Monday, August 4, 2014
Our One Click Culture
We are always looking for signs that we are acquiescing to the craziness of this one-click culture. When we adhere to the notion that there is something out there to chase, we lose perspective, make choices against our better judgment, and ultimately we get careless.
This is as true of teens as it is for us. We all want, and seem to need, quick fixes. But are quick fixes always the best way to proceed? I believe that these quick fixes can lead to a lot of difficulties for us and our family. But what’s more by relying on quick fixes, we are teaching our kids that they should expect these fixes to make them happy and fulfilled.
This mindset can create a lot of difficulties for our kids later on in life too. They will not only rely on quick fixes but they will expect them. Not only that, but there will always be something out there that they will be chasing to find happiness and contentment. And this is where the main difficulty comes in. When we search for things outside of us to make us content and fulfilled, we will constantly be searching and never quite finding what will make us happy. This can set up a malaise and unhappiness that is running rampant in our society today.
Thus, it is imperative for parents to change this mindset in themselves first. Many times, our kids mimic our behaviours and actions. If we go for quick fixes and count on them, so will our kids. However, if we teach our kids the short-term nature of quick fixes, we will be teaching them to look beyond these quick fixes to something that is much more permanent and long-term.
Here are a few ways that parents can show their kids how not to rely on the one-click culture of quick fixes.

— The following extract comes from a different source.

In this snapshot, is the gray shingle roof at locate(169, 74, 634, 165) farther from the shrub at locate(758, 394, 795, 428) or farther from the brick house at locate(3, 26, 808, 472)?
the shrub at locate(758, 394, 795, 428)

1. Show your kids the importance of looking to make their own choices, based on their own values and not on those of the culture that they live in. This can be hard to do at first because the media is everywhere and your kids are constantly plugged in. But it can be done with a bit of persistence and mostly through an example of good action and behaviour by the parents.
2. Show your kids that quick fixes don’t give long-term happiness. Quick fixes yield quick results, and quick results are not usually permanent and very short lived. These quick fixes can further frustrate your child and make them feel depressed and out of control, leading to a lack of fulfillment and an overall malaise.
3. Show your kids the importance of turning inward and developing their own perspectives. If they need to make a decision, they should rely on the values that the parents instilled in them to make a wholesome and balanced decision, one that does not depend on anything or anyone outside of them.
4. Show your children through your actions that there is nothing out there that can make them happy or fulfilled. Instead, fulfillment and contentment can only be developed from the inside. This will give your children a sense of where they have to turn when they want to feel more in control and fulfilled.
By following these tips, we will be showing our kids how to become happier and more fulfilled. But more than that, our kids may not be as careless, depressed and unhappy if we, as parents, can show them the importance of turning inward and not outward. And who knows, we may turn around one day and see our kids unplugging from that one-click culture that they believed was so meaningful to them in the first place.